On the Senate floor, Senator Golden urged lawmakers to support a proposal (referred to as SB 1177) that would divert a portion of Oregon's "kicker" tax refunds into a permanent trust to fund wildfire response.
Golden told colleagues that Oregon is likely to face a prolonged period of severe wildfire seasons and that a durable funding mechanism is necessary to protect communities. He described the proposal as sending kicker refunds to single filers making up to $95,000 and joint filers up to $190,000, with the remainder placed into a permanent trust whose interest would be used for wildfire response.
Golden gave numerical context for the scale he said would be needed for bare-bones adequacy — "300 to $500,000,000 per biennium" — and proposed that annual earnings of 5% on a principal of about $2 billion could yield roughly $100,000,000 every biennium for wildfire work. He framed the proposal as an opportunity with intergenerational benefits and urged colleagues to decide quickly because "the clock is ticking."
The remarks were an advocacy floor statement rather than a completed Senate action; the floor record shows Golden asked members to indicate support, but there was no recorded final vote on a specific amendment or bill text during the session excerpted.
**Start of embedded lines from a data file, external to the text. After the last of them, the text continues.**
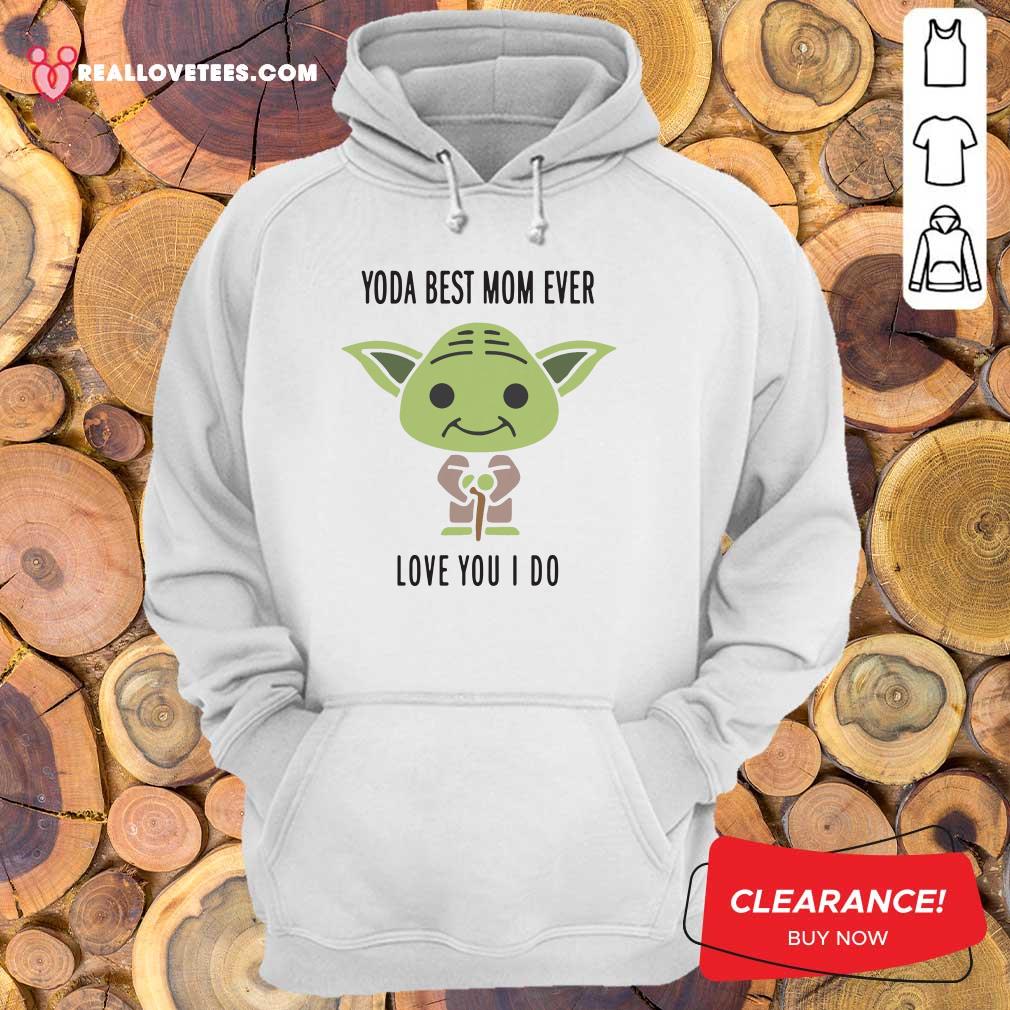 Funny Baby Yoda Best Mom Ever Love You I Do Shirt - Image 4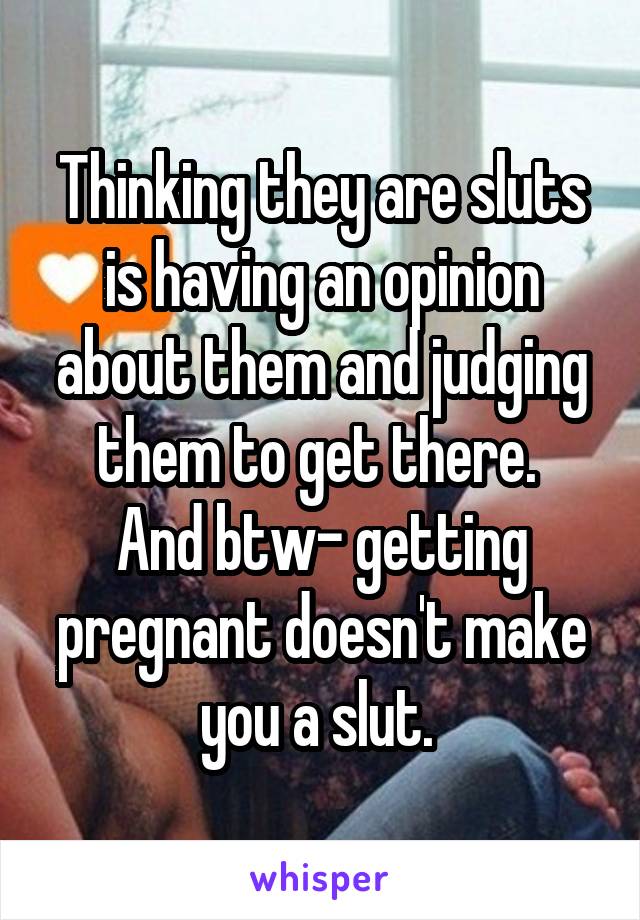 Thinking they are sluts is having an opinion about them and judging them to get there. 
And btw- getting pregnant doesn't make you a slut. 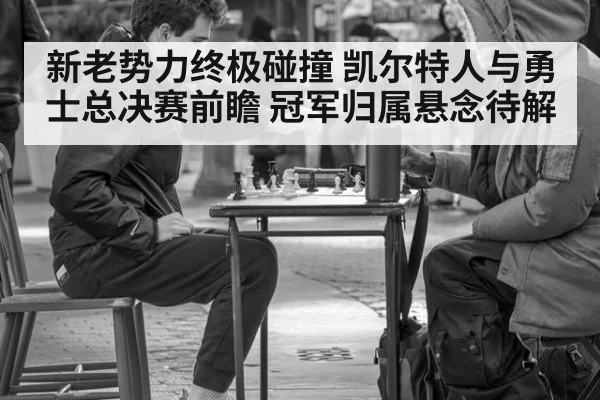 新老势力终极碰撞 凯尔特人与勇士总决赛前瞻 冠军归属悬念待解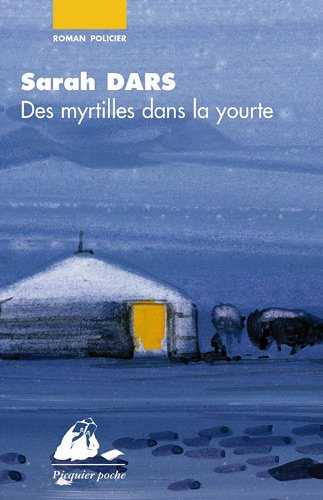Des myrtilles dans la yourte : roman policier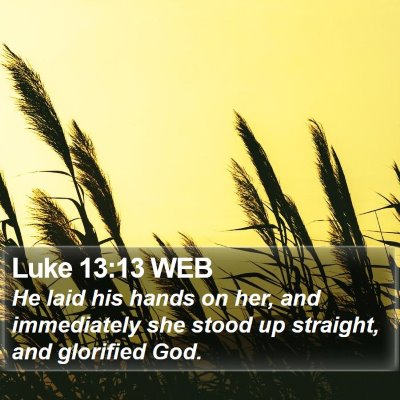 Luke 13:13 WEB Bible Verse Image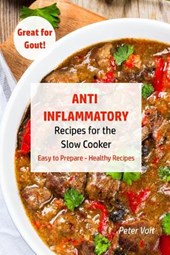 Anti - Inflammatory Recipes for the Slow Cooker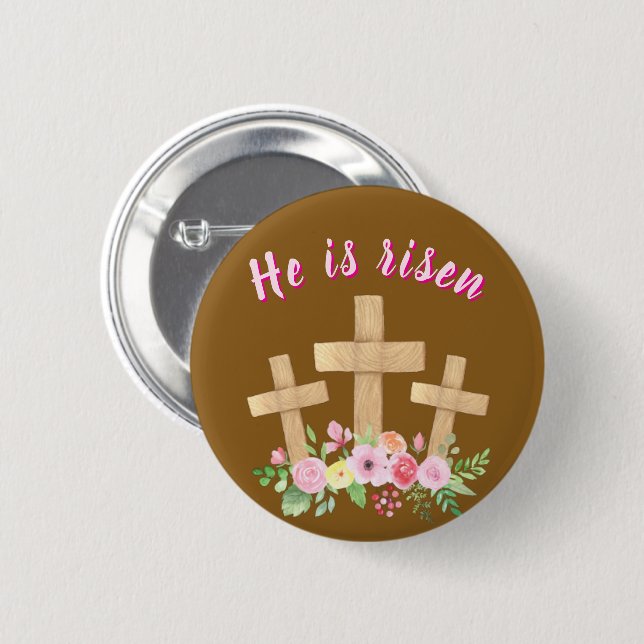 Christian " He is risen" Religious Easter Button (Front & Back)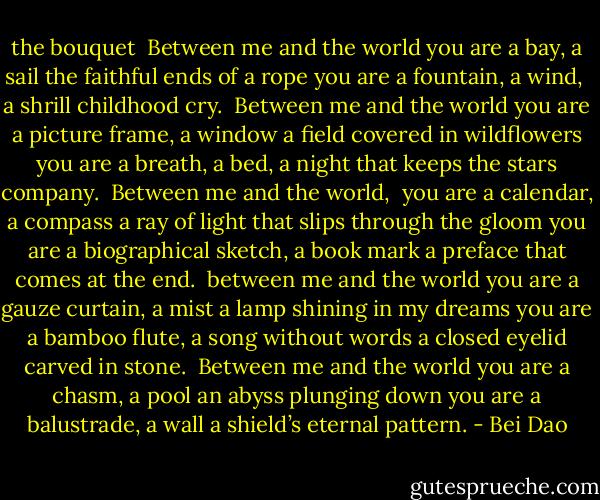 the bouquet<br /><br />Between me and the world<br />you are a bay, a sail<br />the faithful ends of a rope<br />you are a fountain, a wind, <br />a shrill childhood cry.<br /><br />Between me and the world<br />you are a picture frame, a window<br />a field covered in wildflowers<br />you are a breath, a bed,<br />a night that keeps the stars company.<br /><br />Between me and the world, <br />you are a calendar, a compass<br />a ray of light that slips through the gloom<br />you are a biographical sketch, a book mark<br />a preface that comes at the end.<br /><br />between me and the world<br />you are a gauze curtain, a mist<br />a lamp shining in my dreams<br />you are a bamboo flute, a song without words<br />a closed eyelid carved in stone.<br /><br />Between me and the world<br />you are a chasm, a pool<br />an abyss plunging down<br />you are a balustrade, a wall<br />a shield’s eternal pattern. - Bei Dao
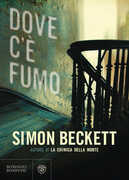 Libro Dove c'è fumo Simon Beckett
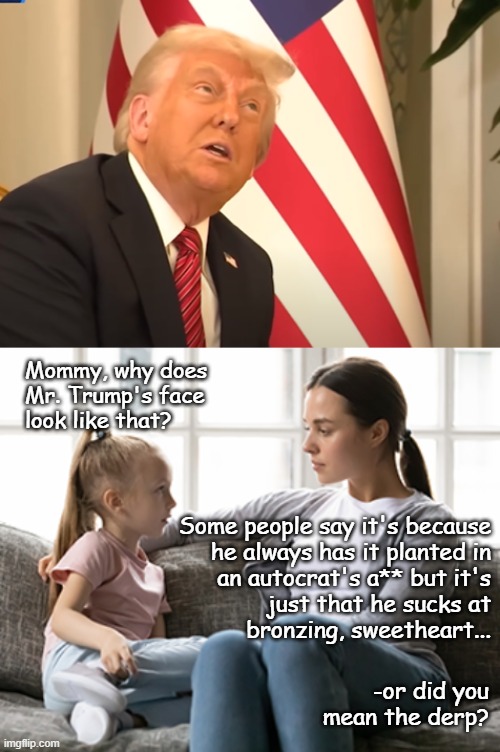 Yeah, I know... "low hanging fruit" -still works though. | Mommy, why does
Mr. Trump's face
look like that? Some people say it's because
he always has it planted in
an autocrat's a** but it's
just that he sucks at
bronzing, sweetheart... -or did you
mean the derp? | image tagged in agent orange,mother daughter talk,trump unfit unqualified dangerous,derpasaurus drecks | made w/ Imgflip meme maker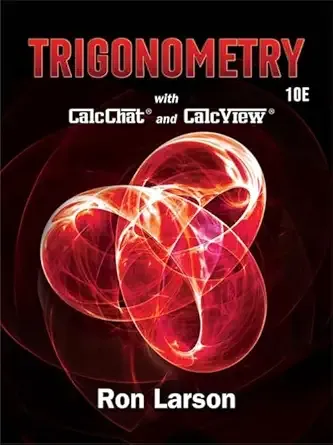 Trigonometry (MindTap Course List) 10th Edition (Paperback) by Ron Larson textbook cover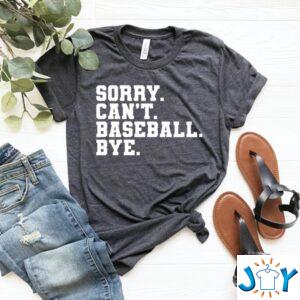 Sorry Cant Baseball Bye Shirt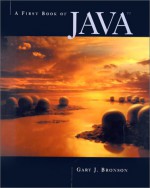 A First Book of Java - Gary J. Bronson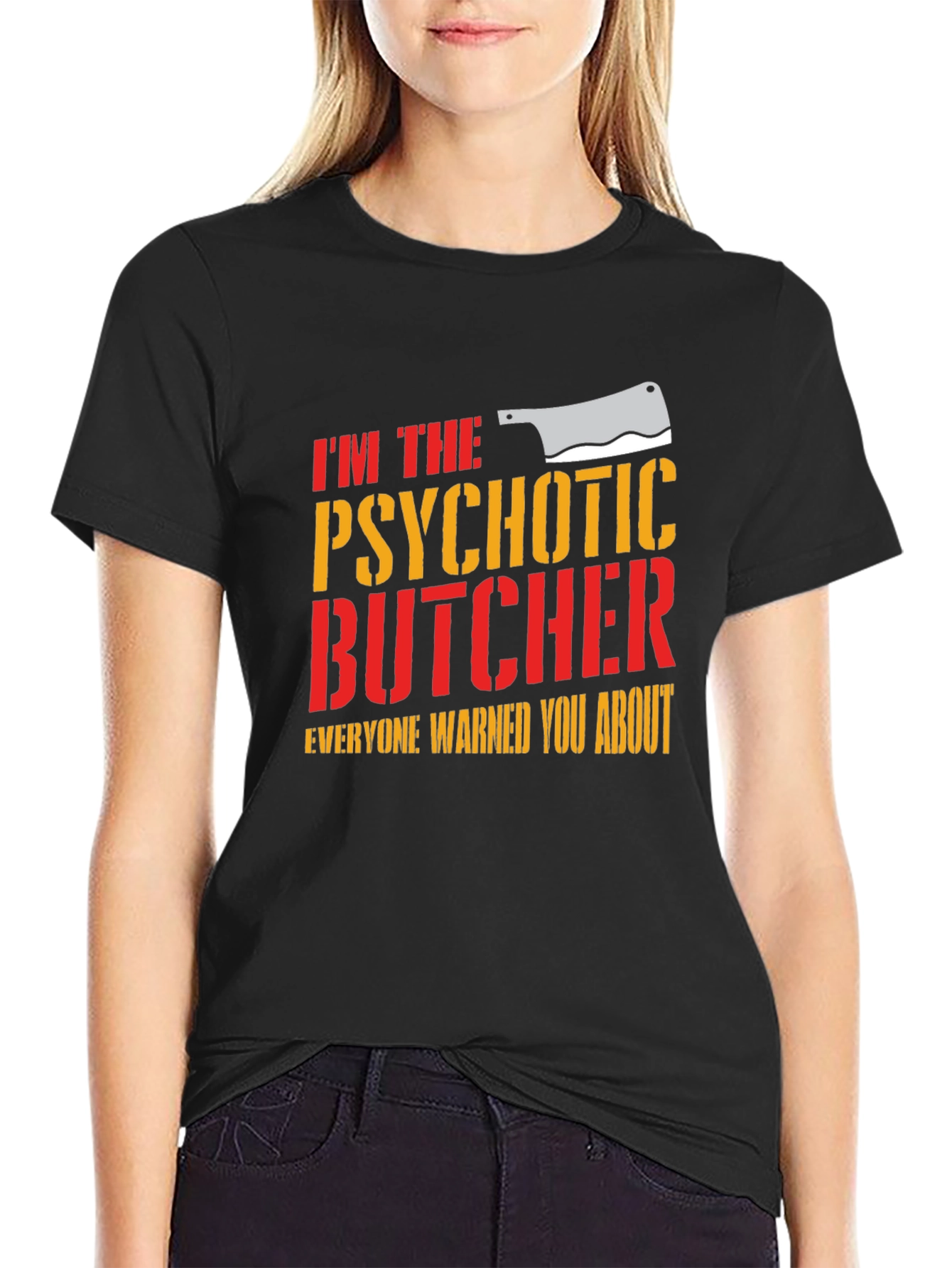 Psychotic Butcher T-Shirt - Funny Meat Lover Tee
Golden said the governor had indicated the votes might not be there and asked colleagues to reconsider the political moment.
Floor clarifications included the proposed income thresholds for kicker refunds and the target annual earnings example; other details about bill mechanics — including exact draft text, fiscal analysis, or legislative committee status — were not included in the floor remarks and were not decided during the session.